[Brief descriptive captions]
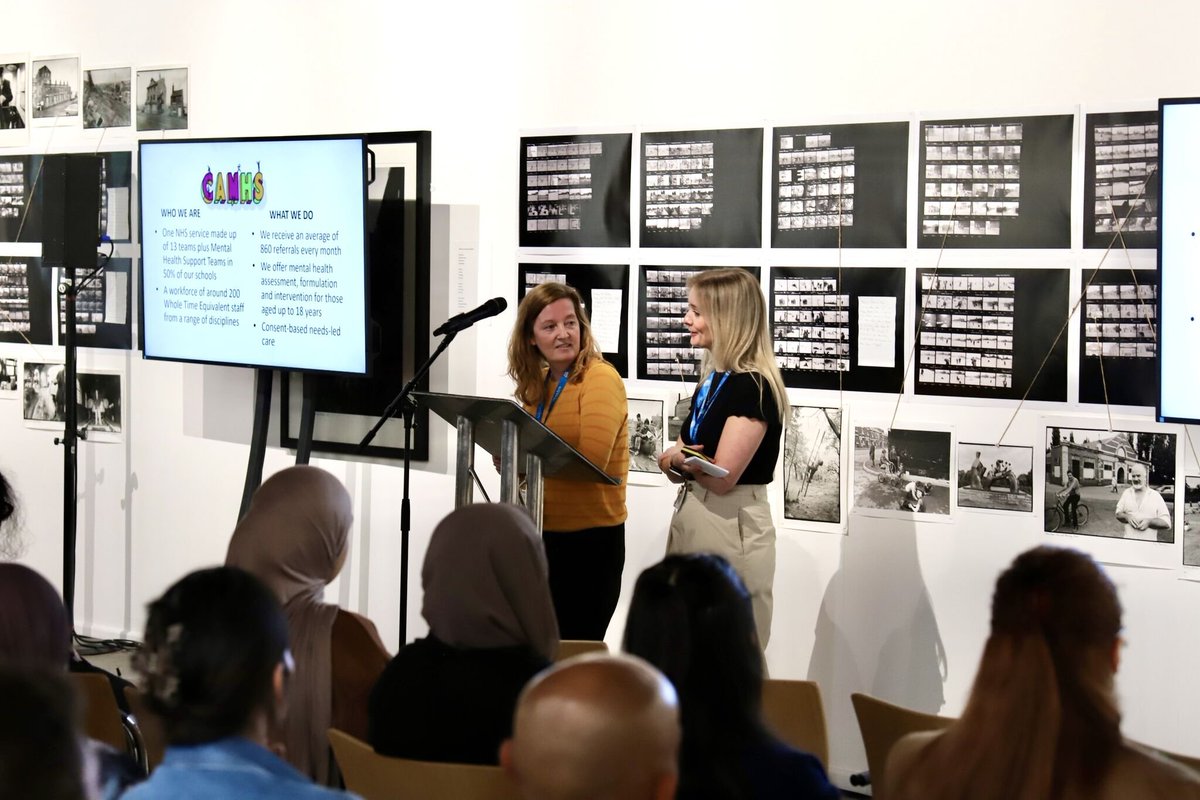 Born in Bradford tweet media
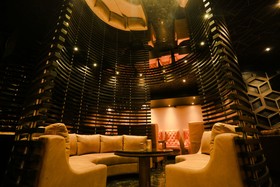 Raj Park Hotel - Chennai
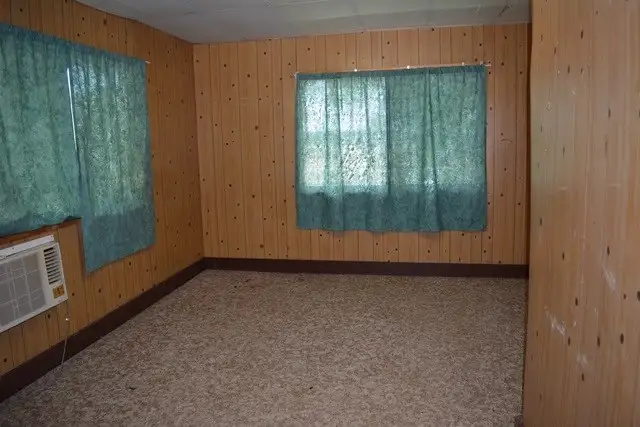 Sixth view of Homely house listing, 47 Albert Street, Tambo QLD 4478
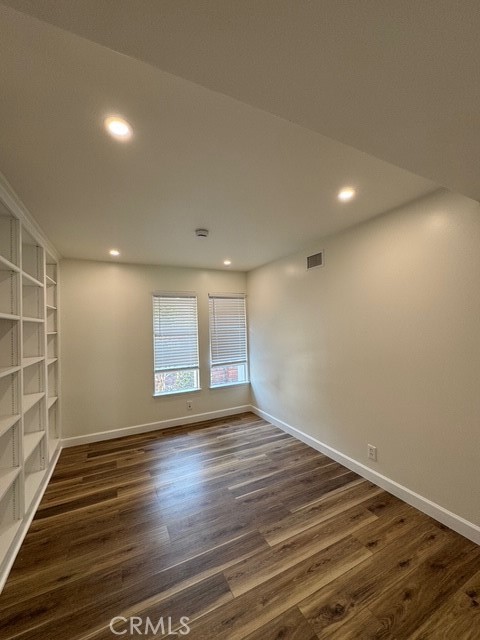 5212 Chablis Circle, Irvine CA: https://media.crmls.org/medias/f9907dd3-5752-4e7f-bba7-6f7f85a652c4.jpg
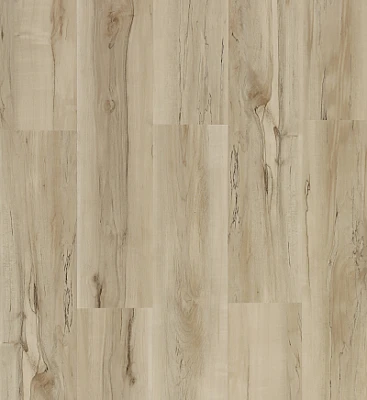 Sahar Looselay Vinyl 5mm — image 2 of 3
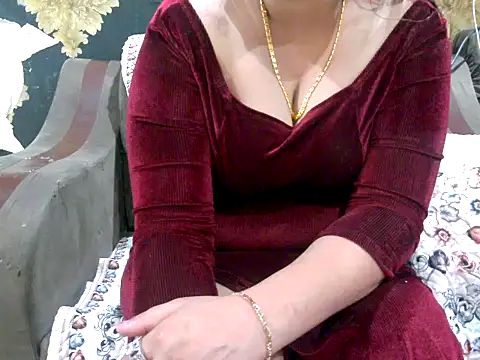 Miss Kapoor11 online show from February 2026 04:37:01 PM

=== Task brief ===
Please write out every entry exactly, but skip the pictures.

=== Expected answer ===
 Born in Bradford tweet media
 Raj Park Hotel - Chennai
 Sixth view of Homely house listing, 47 Albert Street, Tambo QLD 4478
 5212 Chablis Circle, Irvine CA: https://media.crmls.org/medias/f9907dd3-5752-4e7f-bba7-6f7f85a652c4.jpg
 Sahar Looselay Vinyl 5mm — image 2 of 3
 Miss Kapoor11 online show from February 2026 04:37:01 PM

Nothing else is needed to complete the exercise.